Awkward. Actually it’s just plain ridiculous.

A few weeks ago I flew to visit my parents in Florida. It was a short, last minute trip, and while I was looking forward to seeing my family, I was not looking forward to the flight by myself. I've made numerous flights by myself in the last few years. The week leading up to every flight is always a battle with my fears. I talk about it. I over analyze it. I think of a variety of scenarios which only lead to more fears. My very active imagination runs wild in these moments. This time was no different. But this time something else happened. I was deeply convicted of my sin.

Yes. My sinful fear of flying.

Many of us face fear in a variety of ways (and I have written about that before on the blog). But while there are things to genuinely be afraid of, not every response to fear is appropriate. In my case, I was responding to my fear of flying with anxiety and worry. I believed my fears rather than God.

Our fears will drive us to something. The real test is if they drive us to the only one who can conquer our fears and provide the hope and security we long for. Fear should force us to cry out to God. Fear should drive us to the Bible. Fear should drive us to the Cross. I was convicted because for so long I have allowed my fear of flying (and a host of other things) drive me to my thoughts and my imagination rather than my Savior.

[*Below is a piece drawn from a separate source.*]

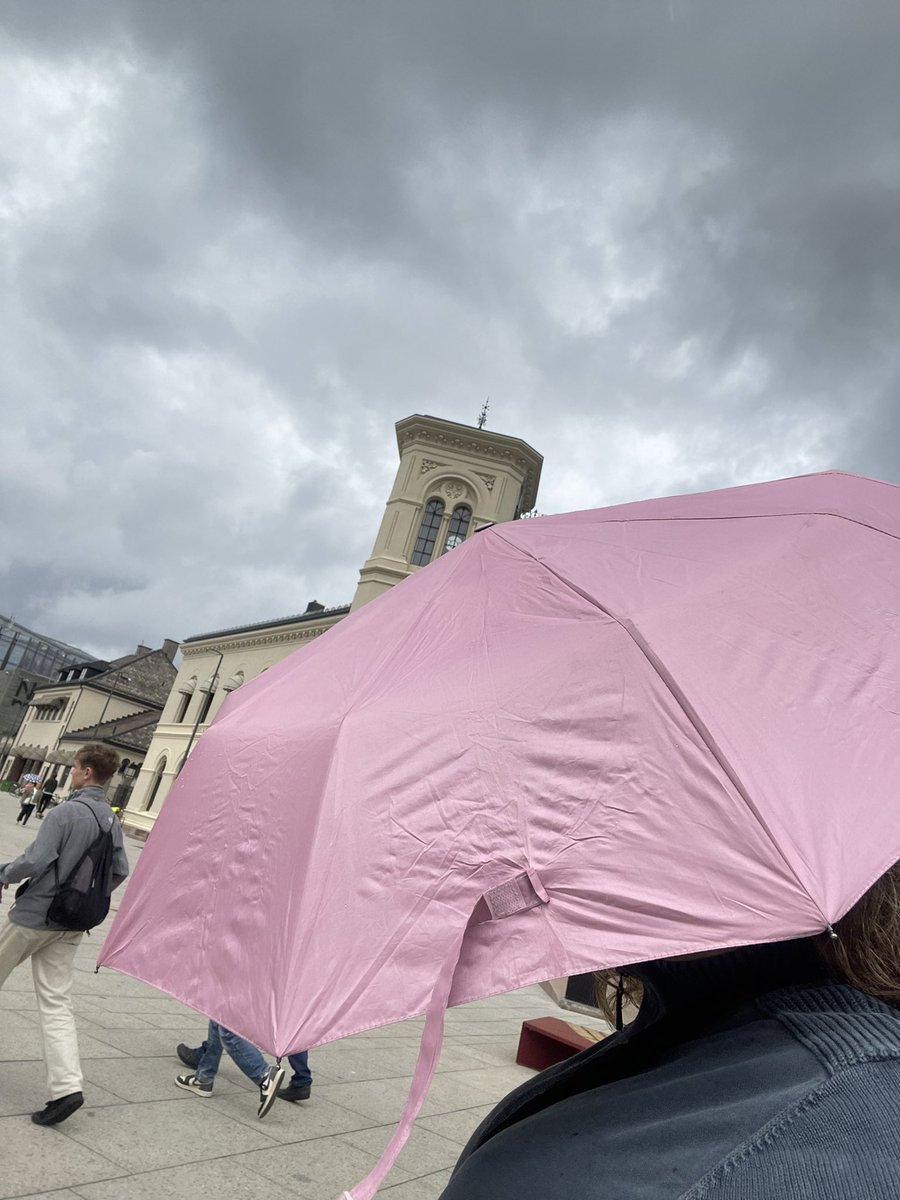 ChanelJBfan1's tweet photo. Me walking with my earphones in, listening to SWAG 2 with my umbrella matching the album. I’m on BAD HONEY💗💞💓 #Jb8 #SWAG2 https://t.co/6nzuNfXaAy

Dr. Stuart Scott, in his little booklet called Anger, Anxiety and Fear, has this to say about our fears:

“The more a person acts on his fears instead of going against them or pushing through them, the more afraid he will become. We must be willing to endure fear if we have to in order to obey God, to be responsible, and to love others (2 Tim. 2:3-4, 1 Peter 4:1).”

That is what I was doing. I was acting on my fears. They ruled my life, so much so that I started believing the anxious thoughts that consumed my thinking. This had tremendous implications for how I related to those around me. Anxiety and fear are self-focused by their very nature. My fear of flying was all I thought about whenever I had to fly. Those days leading up to my trip were all about me and my seemingly insurmountable fears. This self-absorption is the antithesis of what God calls me to as a follower of Christ.

So what happened when I flew a few weeks ago? I was still afraid to fly, but it was different this time. I wasn’t convinced the plane was going to crash. I didn’t tearfully say goodbye to my husband thinking it was the last time I would see him on this earth (yes, I’m a little dramatic). I didn’t close my eyes and nervously chant prayers while the plane took off. Sure, I was afraid, and I really don’t think I will ever get to the point where flying is my favorite thing. But I did have a trust that God would take care of me. He is just as much in control of a little plane in the sky as he is over everything else in this world that he has created. The most dangerous aspect of my anxiety over flying is that it takes me away from believing in my sovereign God. It’s a slippery slope to a whole host of other areas of unbelief.

All of the references to fear in the Bible are reminders that God cares about our fears. He wants our fears to be rightly directed towards him. This is our hope when our fears threaten to overtake us.

Because we live in a fallen world fear is inevitable. The sad reality is that planes do crash. Bad things happen to people all of the time, and many times to Christians. Until Jesus comes back we will face a constant struggle to not “fear anything that is frightening”, and steadily look to the one who is worthy of the right kind of fear. He holds our lives in his hands. He knows the outcome of every fearful circumstance we face, whether real or imagined, and he promises to keep us to the end.